Information shown =>
• • • • • • •

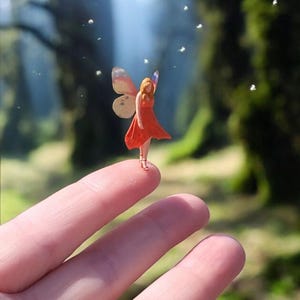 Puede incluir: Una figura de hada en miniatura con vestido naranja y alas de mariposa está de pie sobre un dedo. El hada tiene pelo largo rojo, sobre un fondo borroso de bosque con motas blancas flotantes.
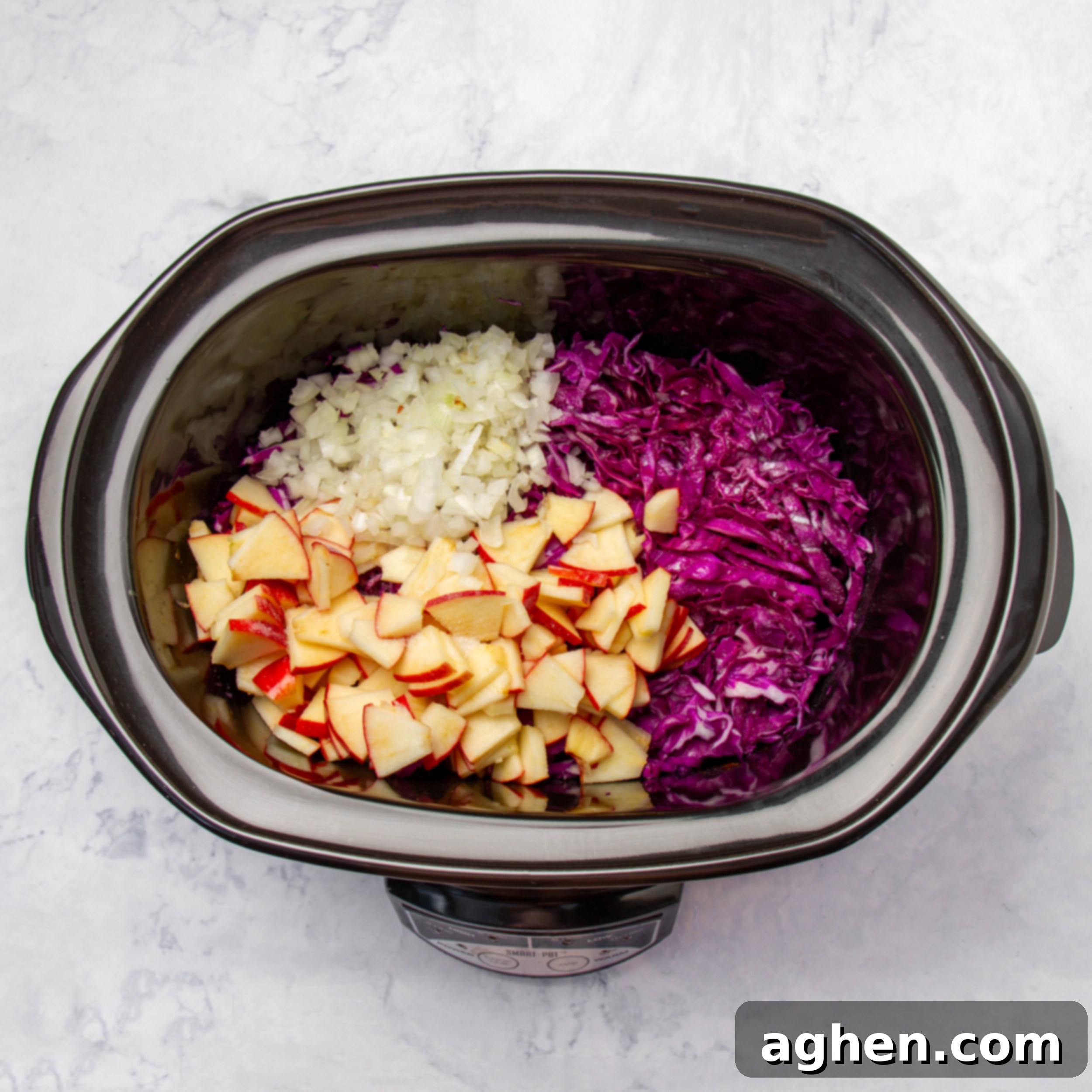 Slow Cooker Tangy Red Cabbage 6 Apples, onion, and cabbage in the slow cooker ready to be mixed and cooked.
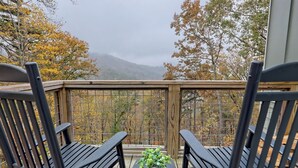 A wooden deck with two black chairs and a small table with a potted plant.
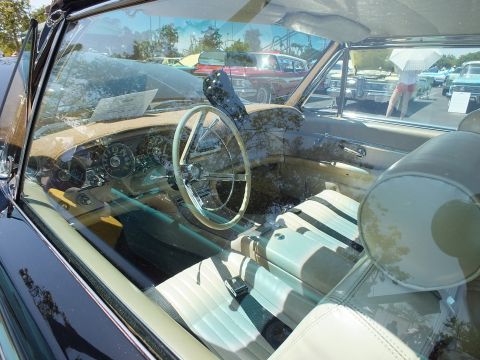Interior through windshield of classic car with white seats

• • • • • • •

What the task asks =>
Give back the material above exactly, with each picture removed.

Written solution =>
 Puede incluir: Una figura de hada en miniatura con vestido naranja y alas de mariposa está de pie sobre un dedo. El hada tiene pelo largo rojo, sobre un fondo borroso de bosque con motas blancas flotantes.
 Slow Cooker Tangy Red Cabbage 6 Apples, onion, and cabbage in the slow cooker ready to be mixed and cooked.
 A wooden deck with two black chairs and a small table with a potted plant.
Interior through windshield of classic car with white seats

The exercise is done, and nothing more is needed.